Düşmanın da olsa bu ihsan, yine iyidir; çünkü güzel
davranışla nice düşman dost olmuştur.
Dost olmazsa kini azalır. Çünkü güzel davranış kine
merhem olur.
Ey iyi dost! Bunun dışında nice faydaları vardır; fakat
uzamasından korkuyorum.
Sözün özü şudur: Topluma dost ol; putçu gibi taştan
arkadaş yont.
Çünkü kervanın kalabalığı ve çokluğu, yol kesicilerin
belini ve mızrağını kırar.” (Mesnevî, 2/2139-2144.)
Öğütlerinde; gerçek insanlardan oluşan mutlu toplumun
nasıl oluşacağını anlatan Hz. Mevlana: Gerçek insanın vasfını şu şekilde
açıklamaktadır:
“Bir rahip güpegündüz elinde bir kandille çarşı pazar
dolaşıp dururdu. Bir ahmak ona sordu:
-Böyle güpegündüz elinde bu kandille ne diye çarşı
çarşı, dükkân dükkân dolaşırsın. Yaptığın şey neyin nesi?
-Bir insan arıyorum.
-Allah, Allah. İşte çarşı pazar insan dolu ya.

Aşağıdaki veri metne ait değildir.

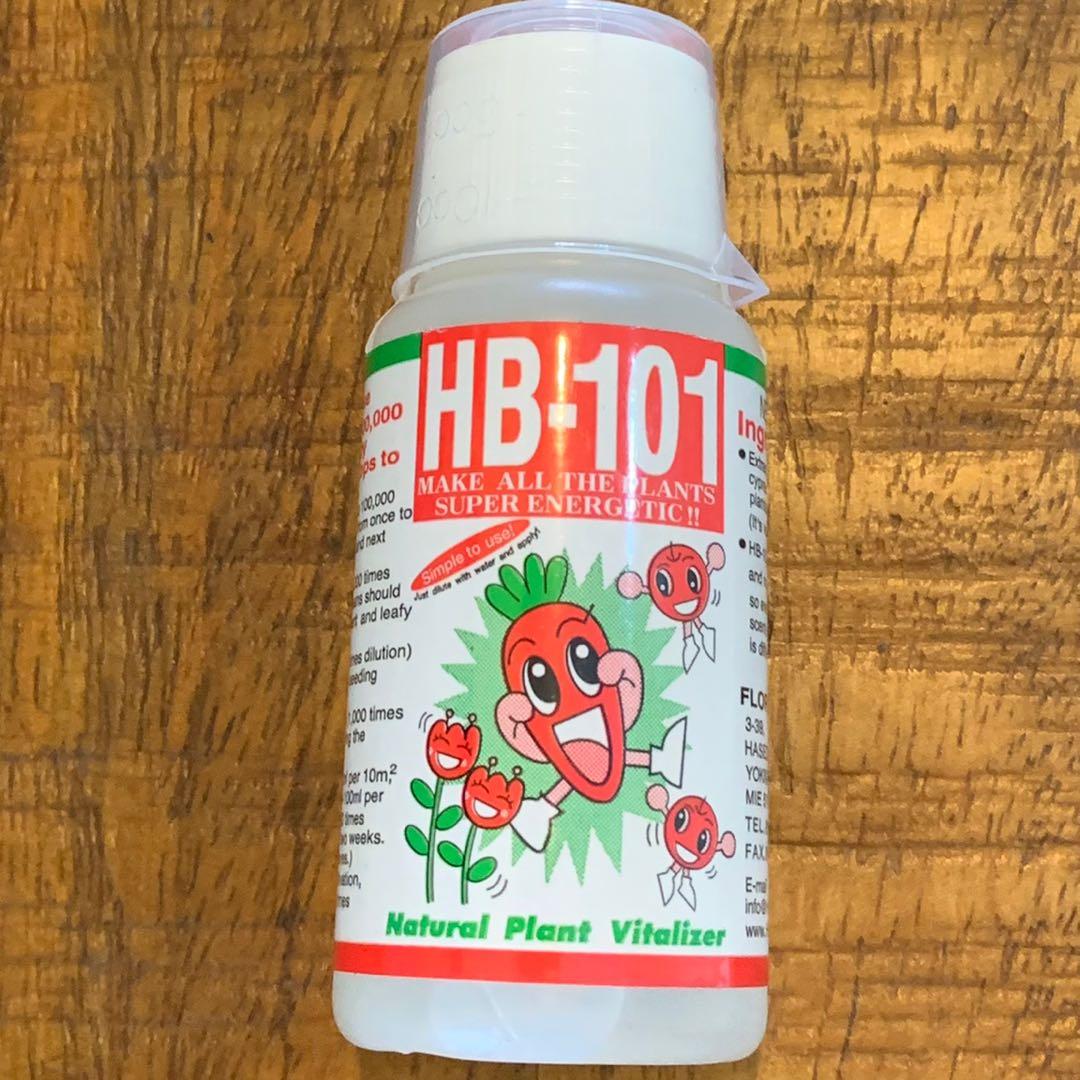 Hb101 Viagra For Plant Concentrated 50ml Gardening Plants On Carousell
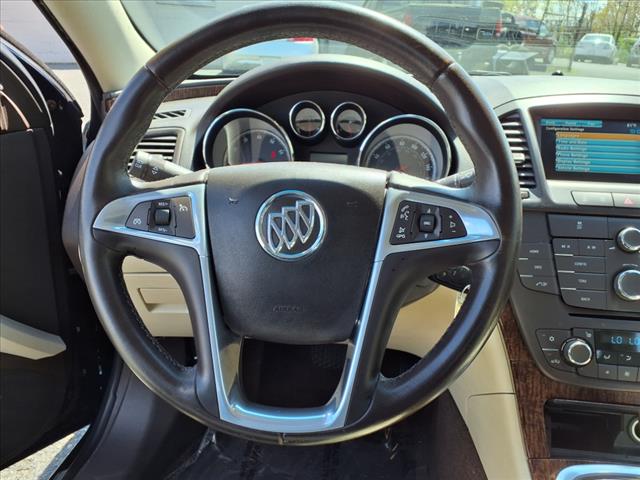 2012 Buick Regal Base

-Hayır hayır. Ben hırs ve öfke zamanında kendisine
hâkim olabilen gerçek bir insan arıyorum.
Onu bulsam da ayaklarına toprak olsam.”
Mevlana aşk ve bilgisiyle dünyayı aydınlatmasının
barış ve kardeşliğin gelişmesine katkı sağlamasının yolu; O'nun öğretilerinin
gönüllere nakşedilmesinden geçecektir.